In sum, all Lisenbe and Blankenship knew when Lisenbe arrested Defendant was that he was inside the house nearest the path leading to the marijuana patch. Inasmuch as neither officer knew Defendant resided there, neither could have known whether Defendant was the sole occupant. Given those circumstances, Moore supports the trial court’s ruling on Defendant’s motion to suppress.

The State maintains the evidence on probable cause in the instant case is stronger than Moore because here, the path from Defendant’s house to the marijuana patch “raised a justifiable, reasonable suspicion that the occupant of the house was the person in the best position to provide [the cultivation of the plants] and have unlimited access to the marijuana.” The flaw in that argument is, as emphasized earlier, neither Lisenbe nor Blankenship knew Defendant resided in the house, either alone or with others, when Lisenbe made the arrest.

State v. Adams, 791 S.W.2d 873 (Mo.App.W.D.1990), cert. denied, 498 U.S. 999, 111 S.Ct. 557, 112 L.Ed.2d 564 (1990), cited by the State, does not support the claim of error. In Adams, officers found marijuana growing on a farm owned by the accused. Id. at 877. He resided on the farm, apparently alone. Id at 878. The Western District of this Court, without mentioning Moore, held the facts in Adams sufficient to establish probable cause for a valid arrest without a warrant. Id. at 877.

The obvious difference between Adams and Moore is that in Adams, the officers knew, at time of arrest, that the accused owned and was in exclusive possession of the land on which the marijuana was growing.

The State also cites State v. Stewart, 542 S.W.2d 533 (Mo.App.1976). It is not in point. It discusses the sufficiency of the evidence to support a finding that the accused knowingly possessed marijuana. Id. at 538-39. Some of the evidence pertinent to that issue was acquired after the arrest in Stewart (including an incriminatory statement by the accused). Whether probable cause existed to arrest the accused was not an issue in Stewart.

The final Missouri case cited by the State is too different factually from the instant case to require discussion.

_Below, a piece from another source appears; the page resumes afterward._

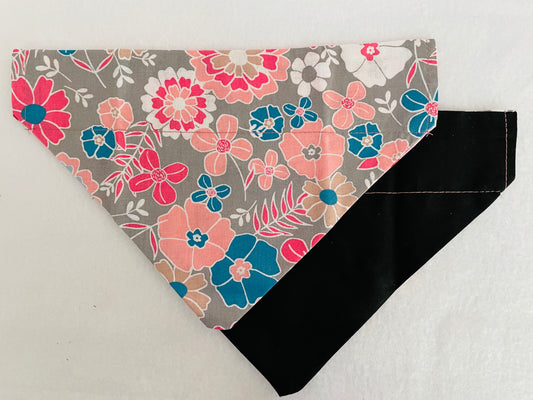 Pink & Blue Flowers/Solid Black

Applying the rationale of Moore, we hold the trial court did not clearly err in finding that Lisenbe and Blankenship lacked probable cause to arrest Defendant. The State *271tacitly concedes that if the arrest was unlawful, Defendant’s incriminatory statements are inadmissible.5 Accordingly, we uphold the trial court’s ruling on Defendant’s motion to suppress.

In doing so, we observe that except for Defendant’s “self incriminating statements,” Defendant’s motion does not specify the evidence he challenges. Inasmuch as the record indicates Defendant has no possessory interest in the land where the marijuana was growing, we infer he does not claim standing to challenge admissibility of the marijuana.

The trial court apparently made the same assumption. The trial court’s ruling, as we comprehend it, suppresses only “Defendant’s post-arrest statements.”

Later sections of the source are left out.